Monday, April 18, 2016

PRIVATE AND CONFIDENTIAL

PRIVATE AND CONFIDENTIAL is how you get letters addressed to you from an NHS healthcare provider. The NHS provided me with healthcare in 2011 when I blogged my breast cancer in I like it in the glory hole. I had cutting (an operation), burning (radiotherapy) and just in case therapy (adjuvant aromatase inhibitor - drugs to stop oestrogen, just in case any oestrogen-positive cancer cells remain). About a year ago, I made "a uni-lateral decision" (quotes because that is what my NHS GP wrote to the consultant) to come off the aromatase inhibitors, becoming one of the 36% who stop taking the drug by four years. Last week, five years after the BC, I had a write-you-off (discharge) letter,
"Thank you for attending for your recent mammogram. I am pleased to inform you that your mamograms (breast x-rays) show no sign of breast cancer."
So that's it then.  No more annual mammograms. Well that might be it.  I do have calcifications and apparently calcifications can lead to BC.  We'll see. In the meantime, I shall continue confidently trusting a private GP.

Wednesday, April 13, 2016

Living together problems

Working from home today, at eight o'clock I sorted the laundry basket and put a dark wash on, while husband prepared to go out to his keep fit class.
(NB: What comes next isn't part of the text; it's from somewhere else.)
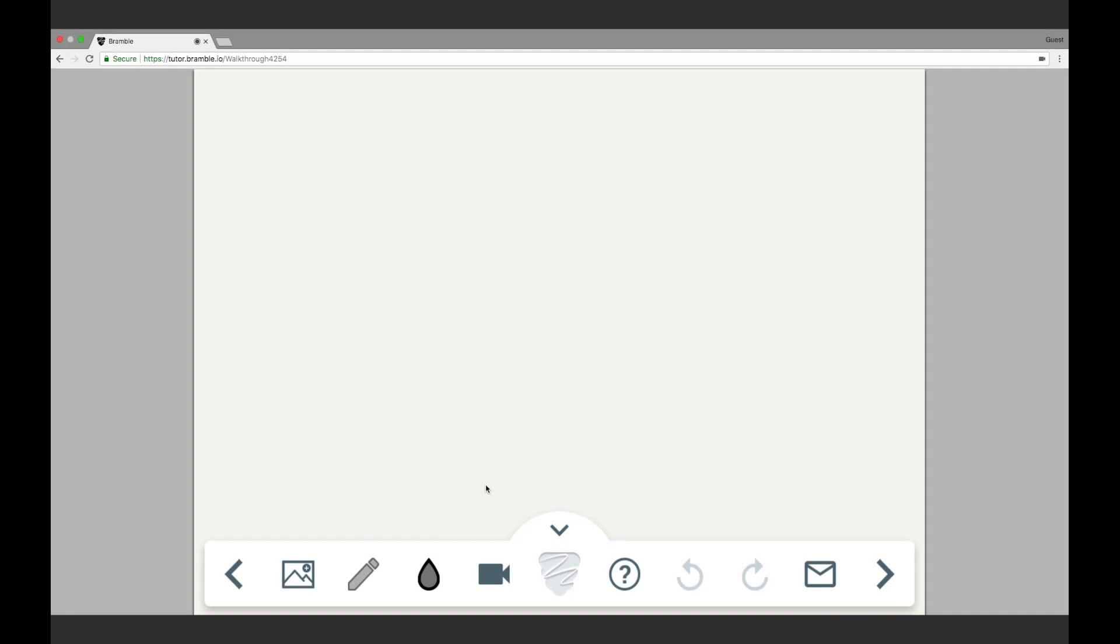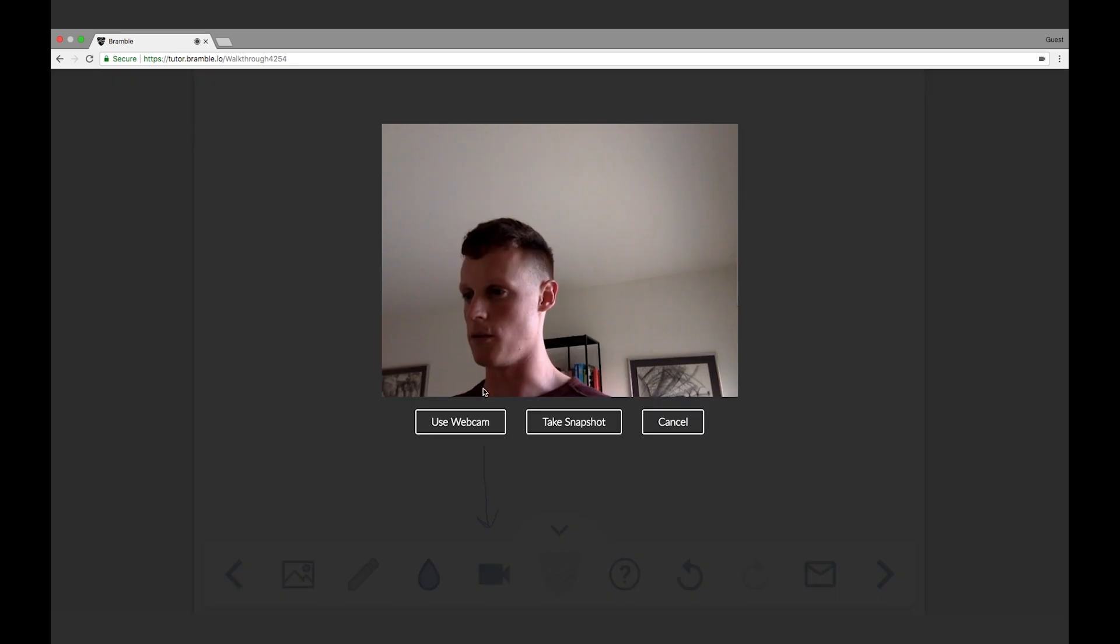Let's take a look at the last few tools. This icon here is for webcam and snapshot. I click it once and it gives me my options. I can choose to enter webcam mode or to take a snapshot.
At half-past eight, he appeared interestingly half dressed.
"I can't find my gym shorts." 
I don't know where he last had them, but I've just put a wash on, a dark wash, of any material dark that I found in the laundry basket, so I can guess where his dark blue gym shorts are now. Apparently he put them in the laundry basket a week ago. Does this make me a housewife failure or did I just too enthusiastically wash all the other things? I still have all the sheets and towels from last week's lodgers to wash too. Oh dear.
But such is life when living with anyone, and I've lived with someone for over forty years.  Whether they be flatmates or partners, children or spouses, if you're going to live with others, then you just have to get used to it, their problems and your mistakes, their mistakes and your problems. I'd rather live with someone than on my own.